DISPOSITIF SCELLIER : LES ECO-CONDITIONS A RESPECTER

par Maître Christophe Montré, notaire à Pantin
Comme chacun sait, le dispositif SCELLIER offre sous certaines conditions, une réduction d’impôts à tous les contribuables français, investissant dans des logements qu’ils destinent à la location.
Il résulte du paragraphe I, de l’article 199 septvicies du Code Général des Impôts, que la réduction d’impôt est applicable aux acquisitions de logements neufs ou en l‘état futur d’achèvement mais également :
-à certains logements que le contribuable fait construire,
-à des locaux affectés à usage autre que l’habitation, que l’acquéreur transforme en logements
-et à des logements ne satisfaisant pas aux caractéristiques de décence, qui font l’objet de certains travaux de réhabilitation.
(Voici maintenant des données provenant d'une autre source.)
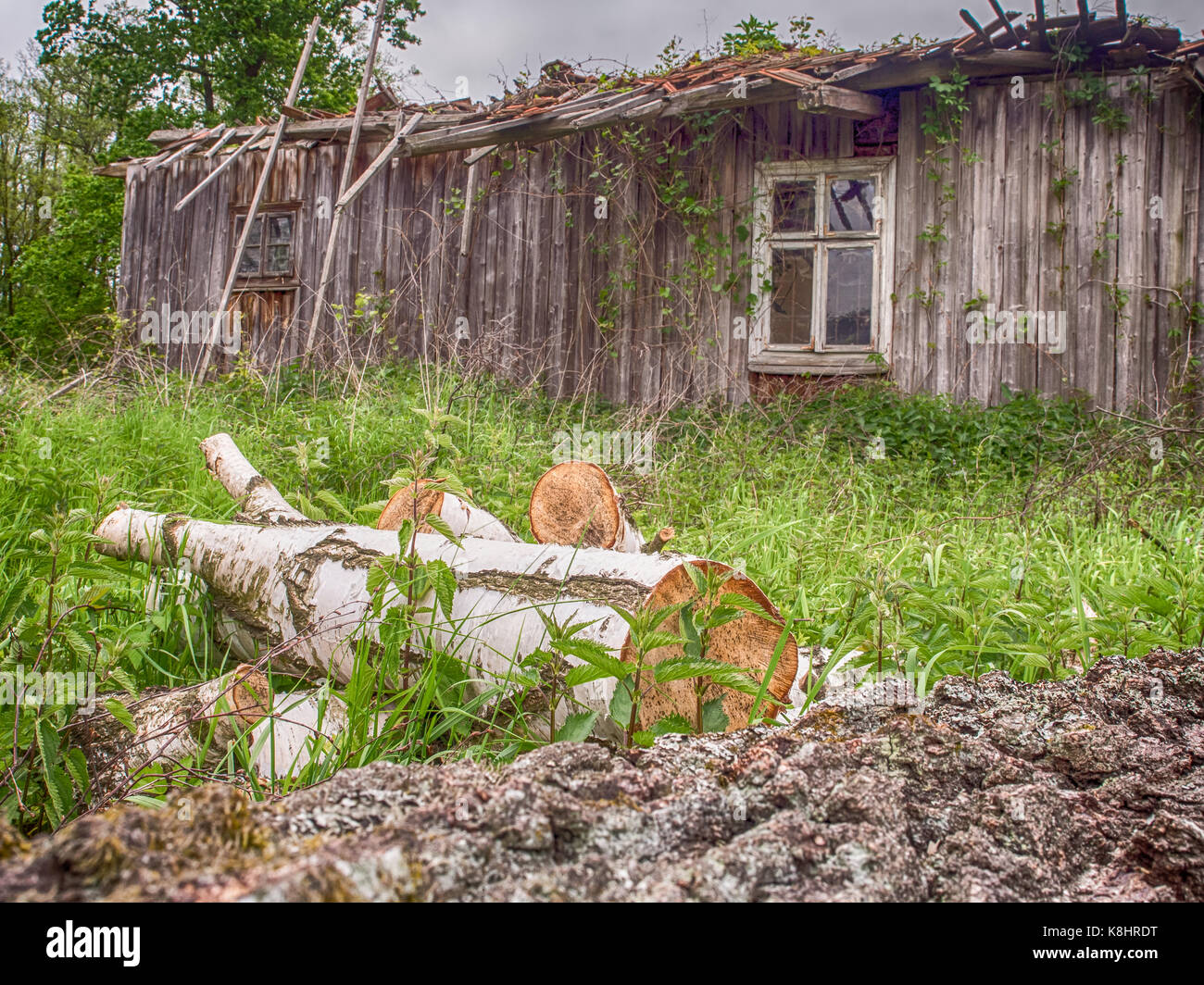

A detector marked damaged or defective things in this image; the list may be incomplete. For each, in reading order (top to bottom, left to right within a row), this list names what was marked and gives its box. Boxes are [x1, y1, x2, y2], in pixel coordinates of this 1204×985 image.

broken window frame [748, 157, 889, 374]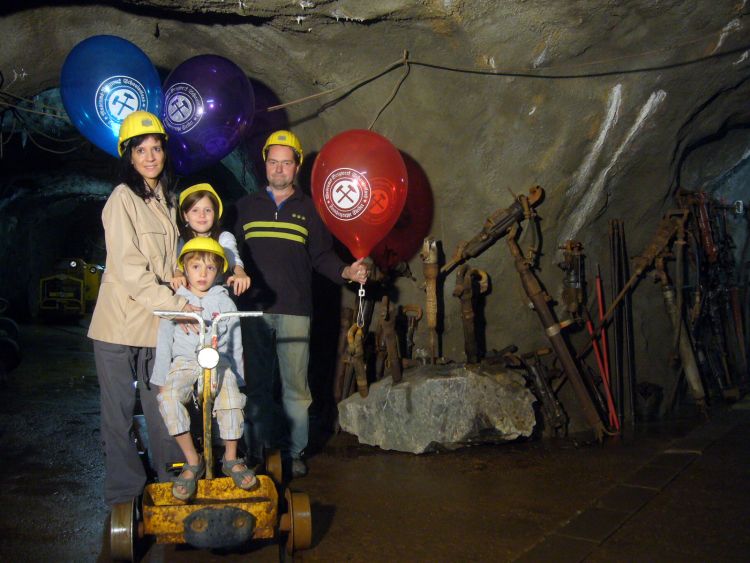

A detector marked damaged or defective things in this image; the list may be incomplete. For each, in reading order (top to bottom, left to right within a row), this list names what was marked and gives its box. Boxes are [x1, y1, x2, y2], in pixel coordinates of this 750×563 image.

rusty mining tool [444, 185, 544, 276]
rusty mining tool [424, 236, 440, 364]
rusty mining tool [452, 266, 494, 366]
rusty mining tool [508, 229, 608, 440]
rusty mining tool [108, 310, 312, 560]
Il convient toutefois d’accorder une attention toute particulière, au paragraphe II de l’article 199 septvicies, ci-après littéralement rapporté :
« La réduction d’impôt n’est applicable qu’aux logements dont les caractéristiques thermiques et la performance énergétique sont conformes aux prescriptions de l’article L. 111-9 du code de la construction et de l’habitation. Le respect de cette condition est justifié par le contribuable selon des modalités définies par décret.
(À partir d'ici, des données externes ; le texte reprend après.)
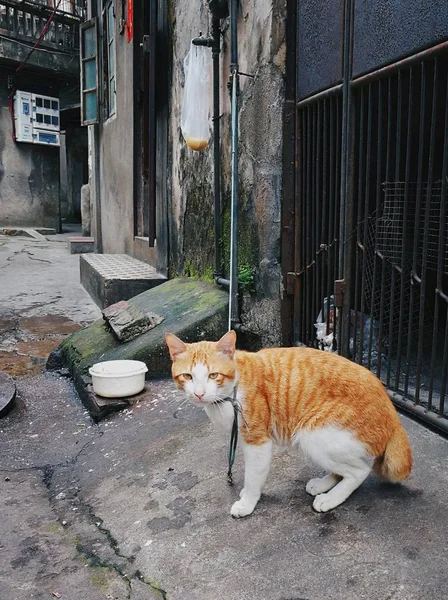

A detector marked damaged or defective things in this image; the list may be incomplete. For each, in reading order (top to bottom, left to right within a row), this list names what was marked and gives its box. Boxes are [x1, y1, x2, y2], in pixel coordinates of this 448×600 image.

peeling paint wall [0, 72, 60, 227]
peeling paint wall [168, 0, 288, 344]
cracked pavement [2, 232, 448, 596]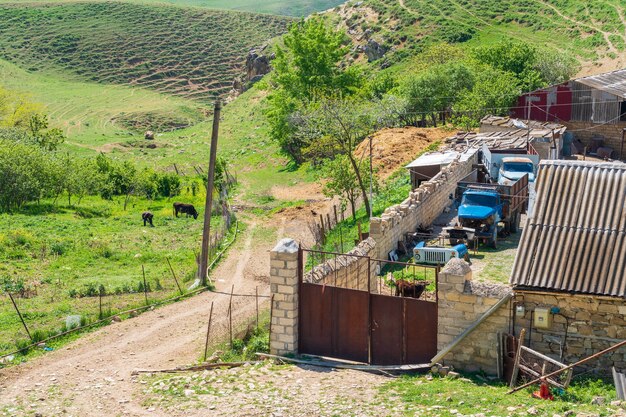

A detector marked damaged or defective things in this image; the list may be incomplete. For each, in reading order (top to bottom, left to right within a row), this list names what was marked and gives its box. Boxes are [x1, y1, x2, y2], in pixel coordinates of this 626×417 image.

rusty metal gate [298, 247, 438, 364]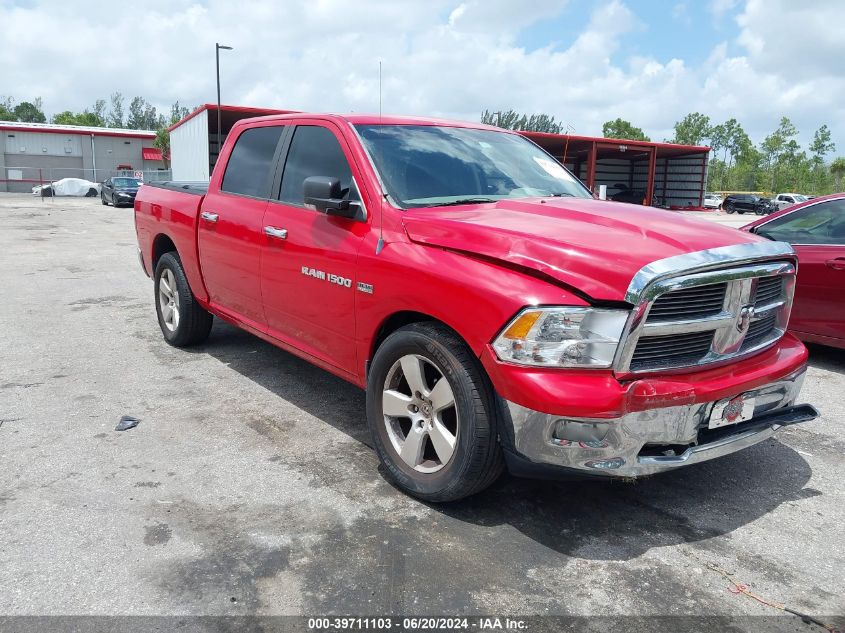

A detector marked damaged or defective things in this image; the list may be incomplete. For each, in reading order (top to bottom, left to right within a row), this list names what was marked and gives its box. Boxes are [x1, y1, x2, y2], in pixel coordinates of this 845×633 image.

damaged front bumper [502, 368, 816, 476]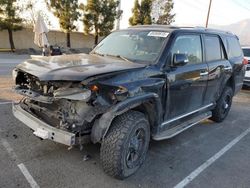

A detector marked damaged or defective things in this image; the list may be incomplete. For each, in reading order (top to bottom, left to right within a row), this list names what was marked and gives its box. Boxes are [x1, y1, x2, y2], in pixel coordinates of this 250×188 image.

crushed hood [16, 54, 145, 81]
damaged black suv [12, 25, 245, 179]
Le premier alinéa s’applique à compter de la publication du décret mentionné au même alinéa et au plus tard à compter du 1er janvier 2010».
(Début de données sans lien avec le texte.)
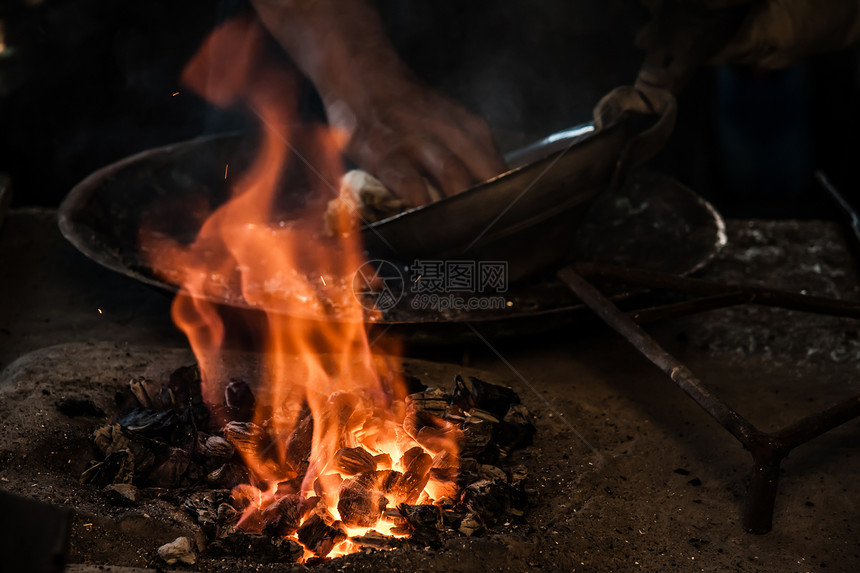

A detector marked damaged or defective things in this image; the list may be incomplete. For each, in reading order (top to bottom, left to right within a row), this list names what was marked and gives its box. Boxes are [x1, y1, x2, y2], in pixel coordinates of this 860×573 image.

En effet, la lecture stricte de ce texte, laisse à penser que la réduction d’impôt serait réservée aux seuls logements pour lesquels le contribuable justifie du respect de certaines caractéristiques thermiques et énergétiques, alors que la plupart des investissements précités ne peuvent pas respecter cette condition. Il y a donc là un hiatus.
Il est vraisemblable qu’il y a ici une erreur manifeste dans la rédaction du texte, la généralisation des éco-conditions, n‘étant pas envisageable aux cinq cas de figure visés au paragraphe I de l’article 199 septvicies, sus visé.
En effet, les caractéristiques thermiques et la performance énergétique, sont déterminées par l’article L. 111-9 du CCH, complétées par le décret n° 2006-592 du 24 mai 2006 et l’arrêté du 26 mai 2006 (JO n° 121, du 25 mai 2006, p. 7747, texte n° 14).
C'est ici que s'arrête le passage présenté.